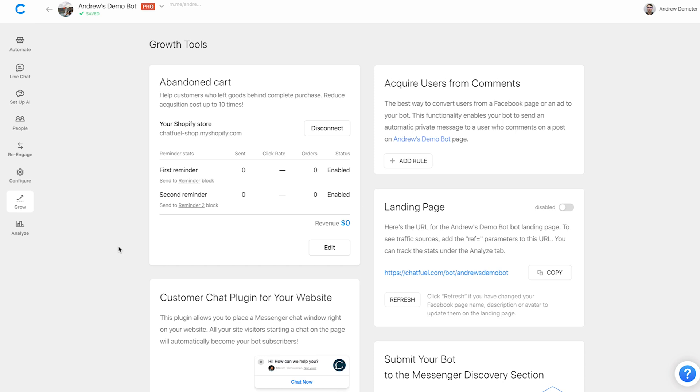So that in essence is the cart abandonment plugin, a lot to go over. But again, a lot of it is just really customization options that you have. The setup itself is super simple. You can do it in what 30 seconds, probably, if you just go right through all those steps. I hope you put this feature to good use during the holiday season. Let us know down below if you have any questions or just how you plan on using this feature and happy botting.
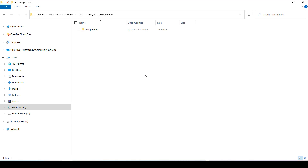Another mistake students make is going to the repository and trying to upload files one by one — that's a bad idea. You don't need to do that, and they complain that folders won't upload, but it does work when done correctly. Every single time it's been user error, usually because students didn't watch the videos or pay attention. Just watch the videos, try it a few times, and it will work fine. That's pretty much how you set up your Git and GitHub account.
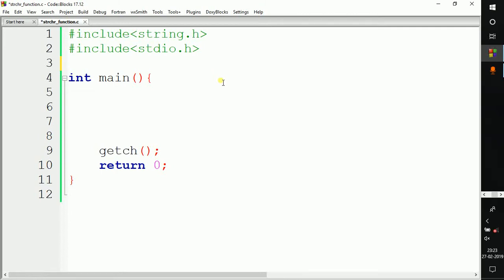Welcome to the next video of the C programming language tutorial for beginners. In the last video we saw how to compare two strings using the strcmp function. In this video we are going to see how to use the strchr function in C programming.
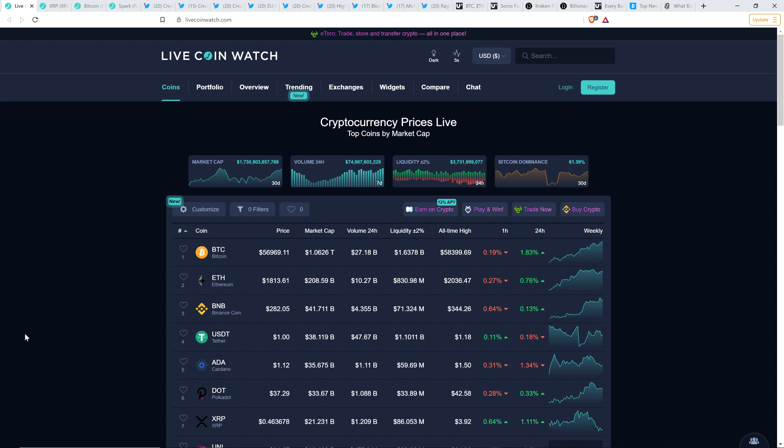Hello, this is Matt on the Moon Lambo channel, and there's a few things we've got to talk about in this video, this latest Moon Lambo hot jam.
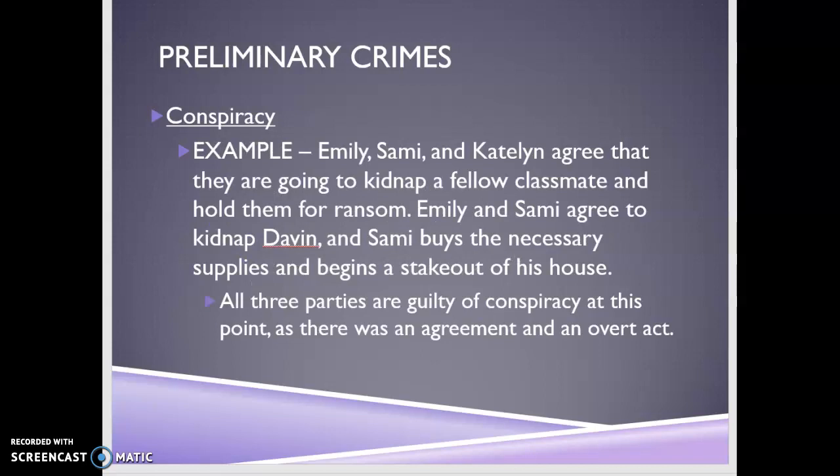Here's the example: Emily, Sammy, and Caitlin agree that they're going to kidnap a fellow classmate. We have two or more people — three people — agreeing to do something illegal. They agree to kidnap Davin, and then Sammy goes out and buys the necessary supplies and begins to stake out his house.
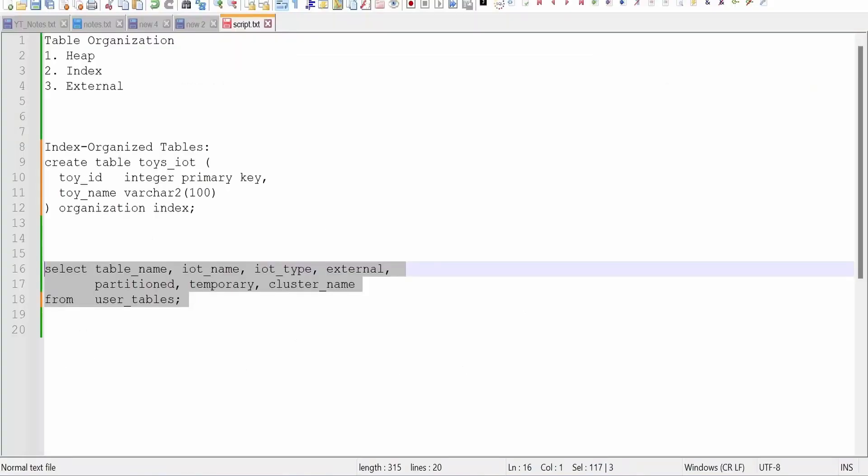Like this we can create the index organized tables in Oracle's database in order to store the data in a uniform way or in a sorted fashion, and also it will improve the performance when we are selecting or retrieving the details from the database table. So this comes in the advanced concept. We will have a deep dive into those concepts at later point of time.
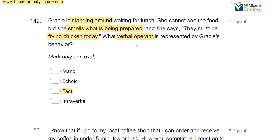So Gracie is tacting the smell of the chicken. Understand the difference: a mand is evoked by an M.O. and it's a request. Gracie's not making a request here. We're not sure if chicken is what she wants. All we know is she's waiting for lunch, but she is labeling what she smelled, and it was evoked by a nonverbal S.D., making this a tact. That's the process you have to go through for verbal operants — what's evoking? What's reinforcing? Then you can ask yourself: are we manding, echoing, or labeling?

---+---

#### Your goal:
The pictures stay out of the copy. Set down the entries above precisely.

#### Problem solution:
So that in essence is the cart abandonment plugin, a lot to go over. But again, a lot of it is just really customization options that you have. The setup itself is super simple. You can do it in what 30 seconds, probably, if you just go right through all those steps. I hope you put this feature to good use during the holiday season. Let us know down below if you have any questions or just how you plan on using this feature and happy botting.
Another mistake students make is going to the repository and trying to upload files one by one — that's a bad idea. You don't need to do that, and they complain that folders won't upload, but it does work when done correctly. Every single time it's been user error, usually because students didn't watch the videos or pay attention. Just watch the videos, try it a few times, and it will work fine. That's pretty much how you set up your Git and GitHub account.
Welcome to the next video of the C programming language tutorial for beginners. In the last video we saw how to compare two strings using the strcmp function. In this video we are going to see how to use the strchr function in C programming.
Hello, this is Matt on the Moon Lambo channel, and there's a few things we've got to talk about in this video, this latest Moon Lambo hot jam.
Here's the example: Emily, Sammy, and Caitlin agree that they're going to kidnap a fellow classmate. We have two or more people — three people — agreeing to do something illegal. They agree to kidnap Davin, and then Sammy goes out and buys the necessary supplies and begins to stake out his house.
Like this we can create the index organized tables in Oracle's database in order to store the data in a uniform way or in a sorted fashion, and also it will improve the performance when we are selecting or retrieving the details from the database table. So this comes in the advanced concept. We will have a deep dive into those concepts at later point of time.
So Gracie is tacting the smell of the chicken. Understand the difference: a mand is evoked by an M.O. and it's a request. Gracie's not making a request here. We're not sure if chicken is what she wants. All we know is she's waiting for lunch, but she is labeling what she smelled, and it was evoked by a nonverbal S.D., making this a tact. That's the process you have to go through for verbal operants — what's evoking? What's reinforcing? Then you can ask yourself: are we manding, echoing, or labeling?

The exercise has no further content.